O governo de Fernando Henrique Cardoso pretende transformar as universidades e escolas técnicas federais em organizações públicas não- estatais, para aumentar sua eficiência. Com 150 mil funcionários, as Instituições Federais de Ensino Superior (Ifes) abrigam um quarto dos funcionários públicos da União. Desses, 110 mil atuam no setor administrativo. "Não dá para entender por que 20% dos servidores públicos estão ocupados em atividades administrativas das Ifes", afirmou um assessor do Ministério da Educação.
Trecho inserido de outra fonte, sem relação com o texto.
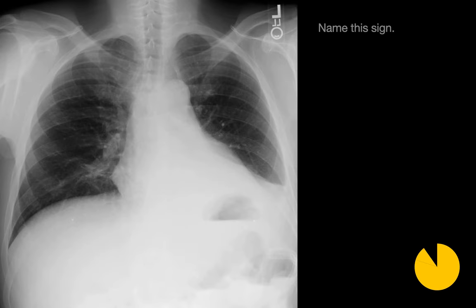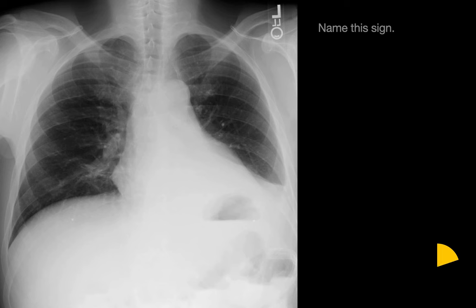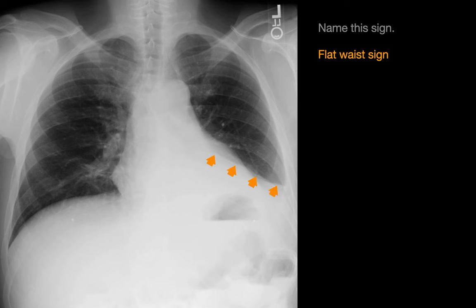Name this sign. In the lower left chest on this image we see two relatively sharp linear interfaces. One corresponds to the cardiac silhouette and the other corresponds to a flat waist sign.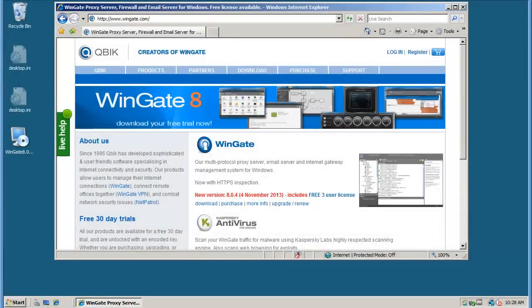In this video, we'll install WinGate 8 and make a proxy connection from a LAN client to test connectivity.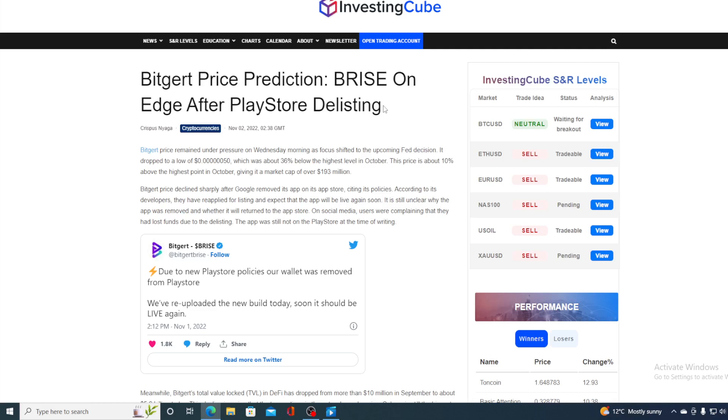Bitgert price declined sharply after Google removed its app on its app store, citing its policies. According to its developers, they have reapplied for listing and expect that the app will be alive soon again. It's still unclear why the app was removed and whether it will return to the app store. On social media, users were complaining that they had lost due to the delisting. The app was still not on the Play Store in the time of writing this article.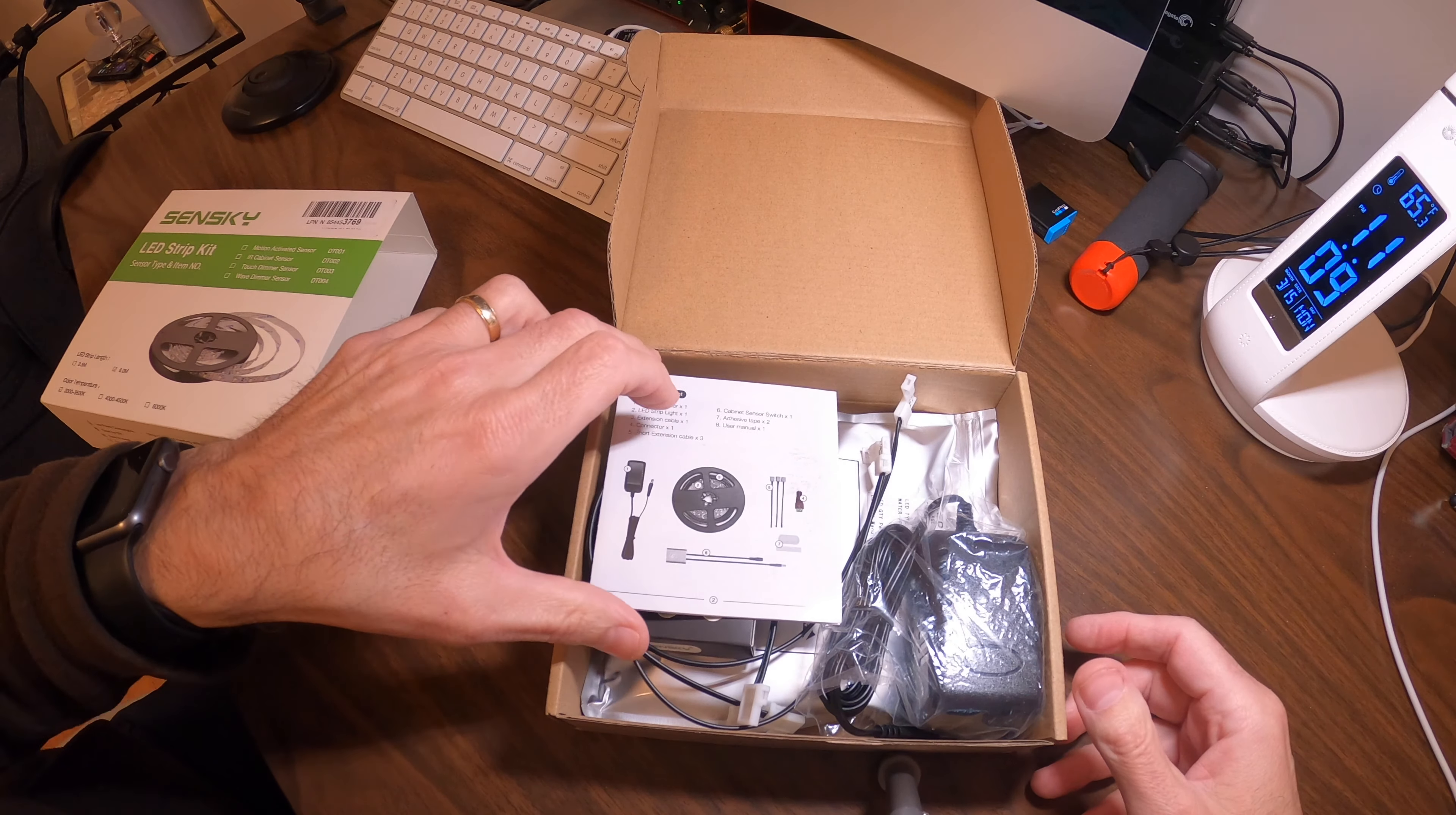Here's what's in the kit: the power supply, the roll of LED lights, short extension cables, a connector, and the cabinet sensor switch itself.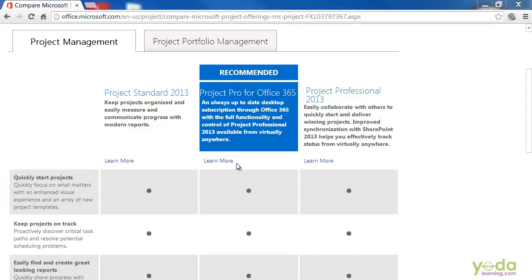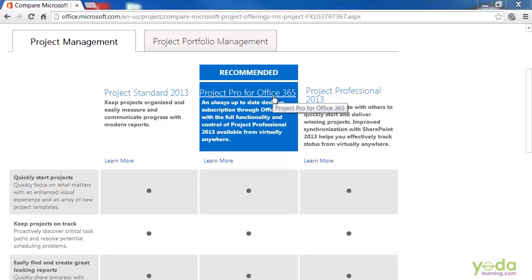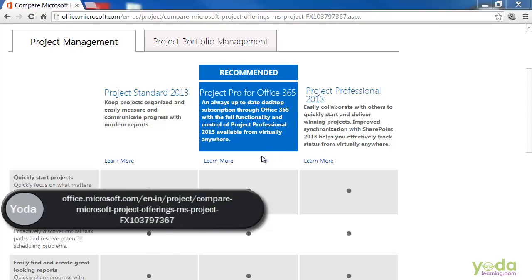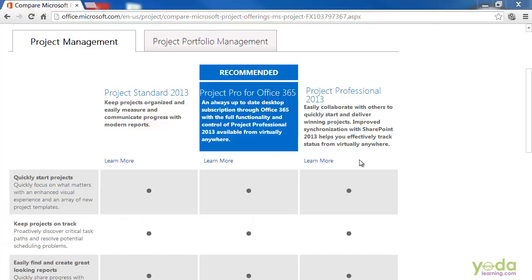First, there are three different editions of Project 2013. The first is Project Standard 2013. We have Project Pro for Office 365 and Project Professional 2013. Here is the Microsoft web page that compares these three editions so you can see which edition makes sense for you. Project Professional and Project Pro for Office 365 both include all the desktop features that the project offers. So, I recommend using either one.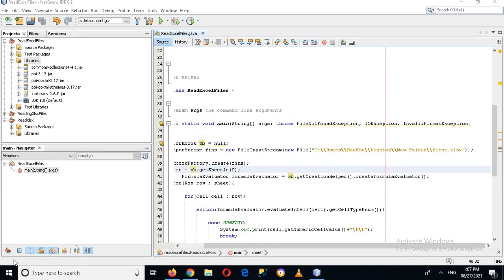Bismillahirrahmanirrahim. Hello guys, welcome to my channel. Today in this video we are going to read an Excel file in Java NetBeans. In our previous tutorial we read an Excel file, but that was only reading .xls extension files. Now today we will write a generic program which will read both file formats.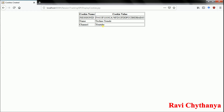Like this you can store whatever user information you need using cookies and track the session of the user. This is how session tracking in JSP can be implemented with cookies. In the next video we are going to learn how to create and track sessions using HTTP sessions. Thank you very much guys — don't forget to like, comment, share, and subscribe to my channel.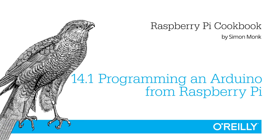In this recipe, I'm going to show you how to connect an Arduino to a Raspberry Pi and program the Arduino from the Raspberry Pi.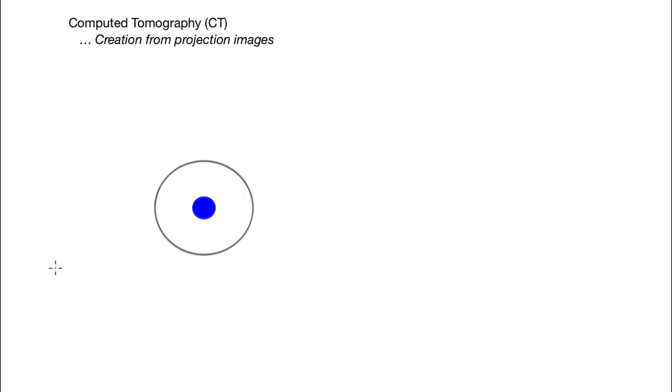Let me start with the basics of computed tomography imaging, CT — that's creating images from projection images. The goal is to image what's inside a patient, represented here as a circle. Inside it, there's something you want to image, like a bone drawn here in blue. You want to make a full three-dimensional image of this geometry.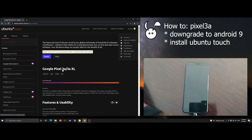Hello there. So today we are installing Ubuntu Touch on the Google Pixel 3a.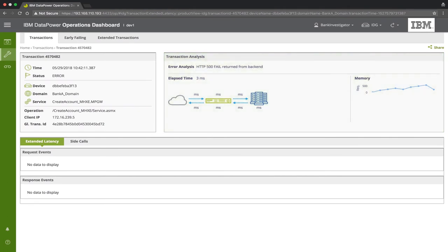As this user is not a Data Power Administrator, we don't want to give him permissions to view Data Power Logs. But we do and have given him permission to troubleshoot simple errors.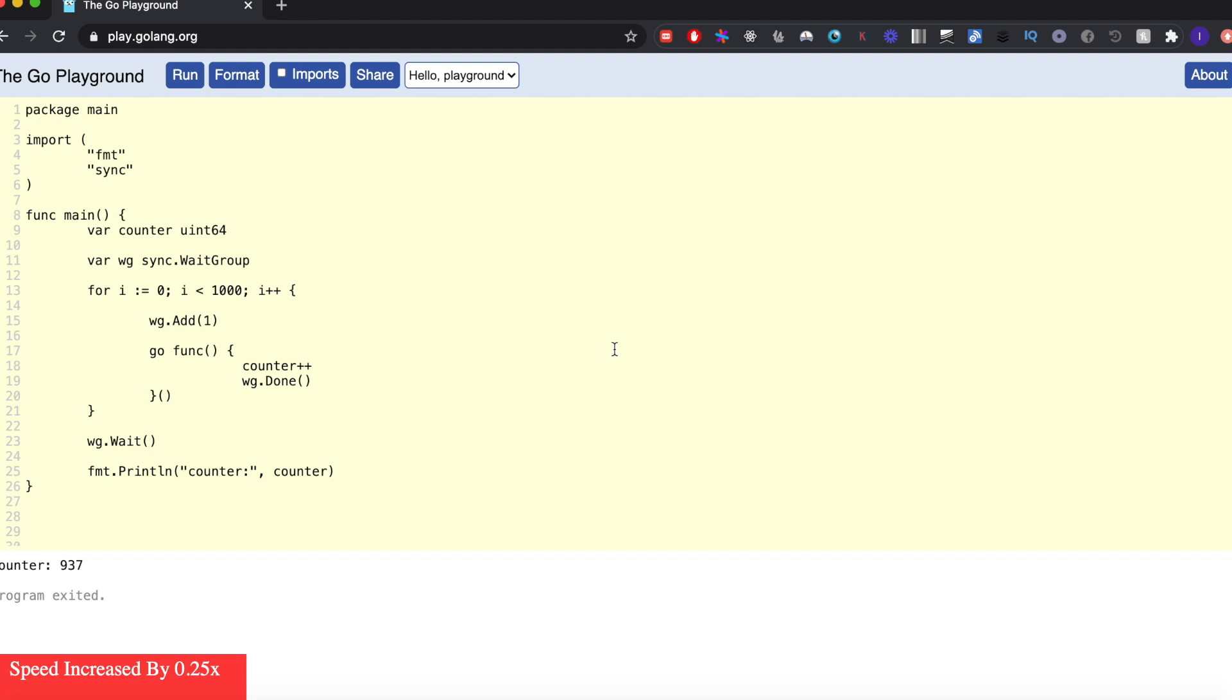Hi everyone, in this video I'm going to talk about the atomic package in Golang. Before I show how to use it, I'll start by talking about why it is needed. So let's say I have this Go program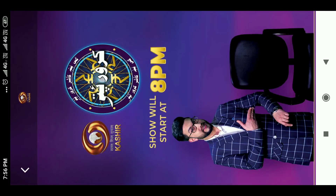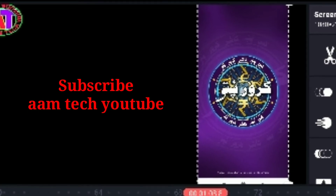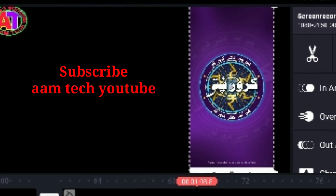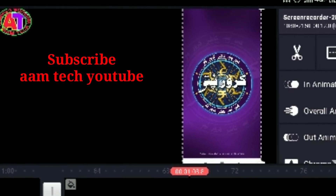Thank you so much for watching, and I'll see you in the next video. Subscribe to the YouTube channel.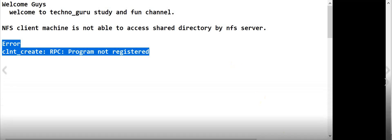Welcome to TechnoGuru Study and Fun channel. Today we are going to discuss one of the errors we encounter while accessing a shared directory which is being shared by an NFS server in an NFS client. The error name is RPC program not registered.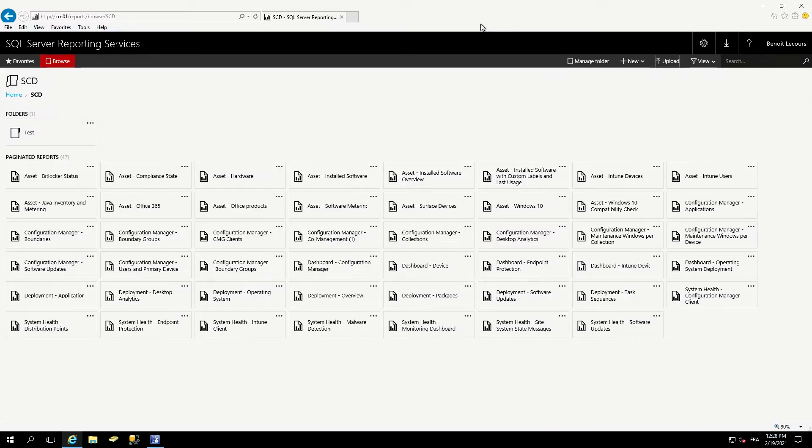This is Ben LaCourse, senior consultant and blogger for System Center Dudes. Today I'm gonna show you how easy it is to install and purchase our reports.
A transformação, no entanto, vem sendo discutida com muita cautela no Governo, uma vez que ressuscita a velha polêmica do ensino público gratuito versus ensino pago. Com a mudança, as universidades-- assim como hospitais e museus, que devem serguir o mesmo caminho-- poderão cobrar por seus serviços das pessoas de maior poder aquisitivo, mantendo a gratuidade para quem form comprovadamente pobre. Como organizações públicas não- governamentais, universidades, hospitais e museus não só poderão receber pelos serviços prestados como também obter recursos da iniciativa privada, dos governos estaduais e municipais, além da própria União. A idéia é estabelecer uma espécie de contrato de gestão, pelo qual essas instituições sejam avaliadas por seus resultados concretos, como produção de teses e prestação de serviços à comunidade. Com base nessa avaliação, o governo federal-- que continuará responsável pelas entidades-- poderá destinar-lhes maior ou menor quantidade de recursos (O Globo).